VULVOVAGINAL CANDIDIASIS: PREVALENCE, SPECIES DISTRIBUTION AND RISK FACTORS AMONG NON-PREGNANT WOMEN, IN SANA'A, YEMEN

Sameera Mohammad Mahdi Al-Hatami1, Khaled Abdulkareem A Al-Moyed1, Hassan Abdulwahab Al-Shamahy1image, Ahmed Mohammed Al-Haddad2, Azhar Azher Mohammed Al-Ankoshy3image

1Department of Medical Microbiology and Clinical Immunology, Faculty of Medicine and Health Sciences, Sana’a University, Republic of Yemen.

2Department of Medical Laboratories, College of Medicine and Health Sciences, Hadhramout University, Al-Mukalla, Yemen.

3Jabir ibn Hayyan Medical University, Faculty of Medicine, Iraq. 

ABSTRACT 

Background and objectives: Vulvovaginal candidiasis is known to be a global issue of concern due to its association with economic costs, sexually transmitted diseases, and the escalation of genital tract infections.  This study aimed to determine the prevalence, species distribution and risk factors associated with Candida species causing vulvovaginal candidiasis. 

Subjects and Methods:  Non-pregnant women attending routine antenatal visits at Al-Olaifi-Family Center in Sana'a were enrolled in a cross-sectional study conducted from June 2018 to March 2019. Laboratory work was carried out at the National Center of Public Laboratories (NCPHL). Vaginal swabs were sampled from participants after oral consent was obtained. The swabs were inoculated in Sabouraud glucose agar supplemented with chloramphenicol and incubated at 37°C for 24 to 48 h under aerobic conditions in order to perform a fungal culture. Candida species were determined by culturing on HiCrome Candida differential Agar at 35°C for 48 h to produce species-specific colours. Data on demographic, clinical, and risk factors were collected in a pre-designed questionnaire. 

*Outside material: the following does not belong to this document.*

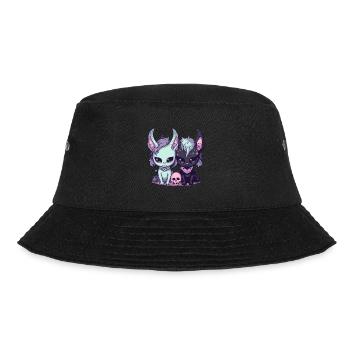 Kawaii Pastel Goth Süße Und Gruselige Hexenkatzen - Bucket Hat - Schwarz - Vorne - Lela (165cm)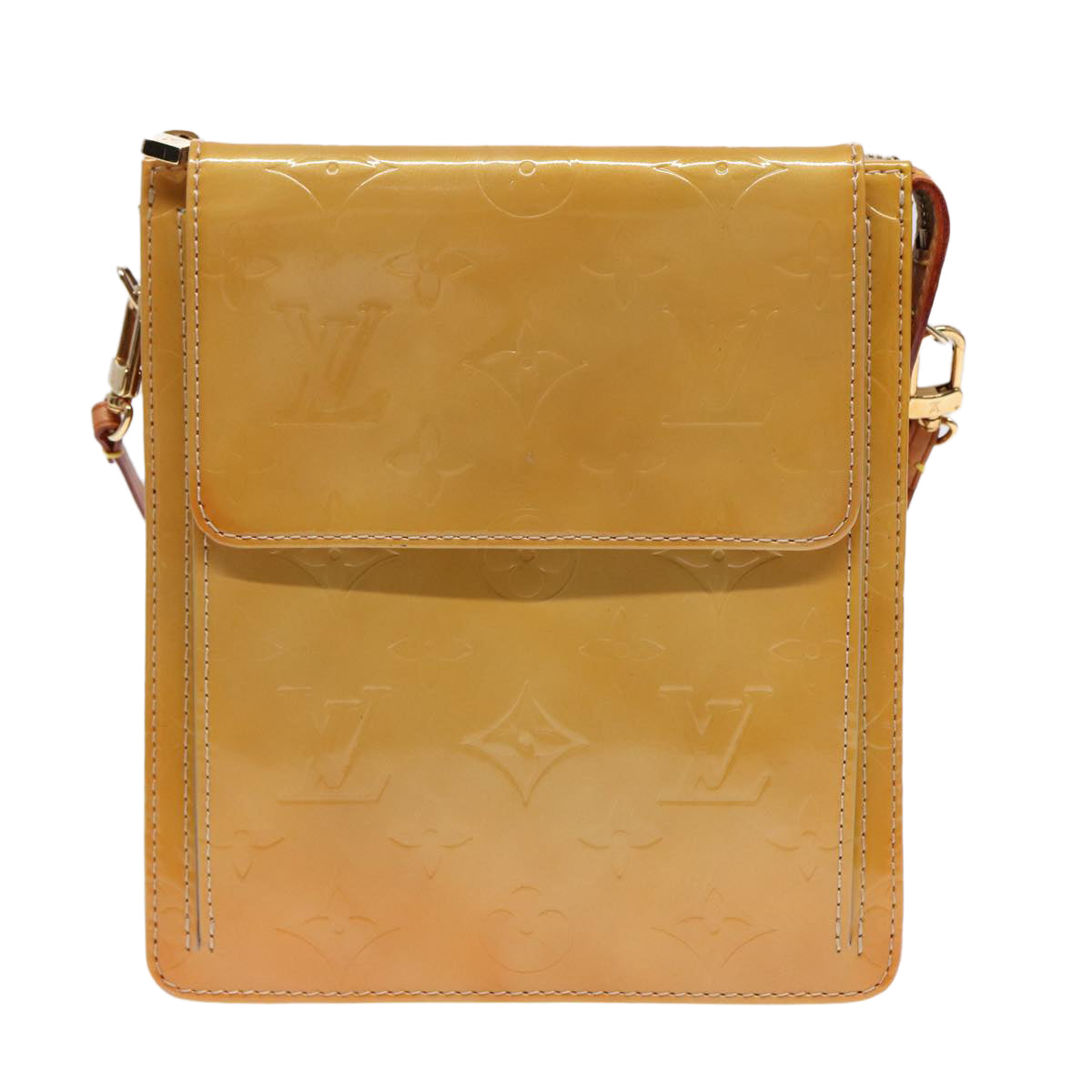 LOUIS VUITTON Monogram Vernis Motto Accessory Pouch Beige M91136 LV 89452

Results:  A total of 190 non-pregnant women were included. The prevalence of VVC was 22.1%. Candida albicans accounted for 16.3% and non-Candida albicans accounted for 5.8% of the isolates, mainly C. glabrata (3.2%), C. rugosa (1.05%), C. lipolytica (1.05%), and C. dubliniensis (0.53%). When VVC risk factors were considered, there were significant risk factors with age group 30-34 years (33.3%, odds ratio=2.1) and age group  ≥35 years (62.5%, odds ratio=10.3), residence in a rural area (39.5 %, OR=3.3), negative emotions (30.2%, OR=2.3), underwear replacement over 1 day (29.3%, OR=4.2), impure cotton underwear (29.4%, OR=4.9), while Condom use and vulvar cleaning before or after sexual life were found to be highly significant protective factors against VVC (p=0.008, 0.03, respectively). 

Conclusions: Guidelines for the management of VVC syndrome in Yemen should be revised to include a protocol specifically for women over 30 years of age. VVC undoubtedly poses a significant threat to women's reproductive health. Risk factors for VVC are varied, and include ages, health habits, history of the disease, and other aspects. It is necessary to take appropriate measures to avoid risk factors and to help reduce the prevalence of VVC among women of childbearing age.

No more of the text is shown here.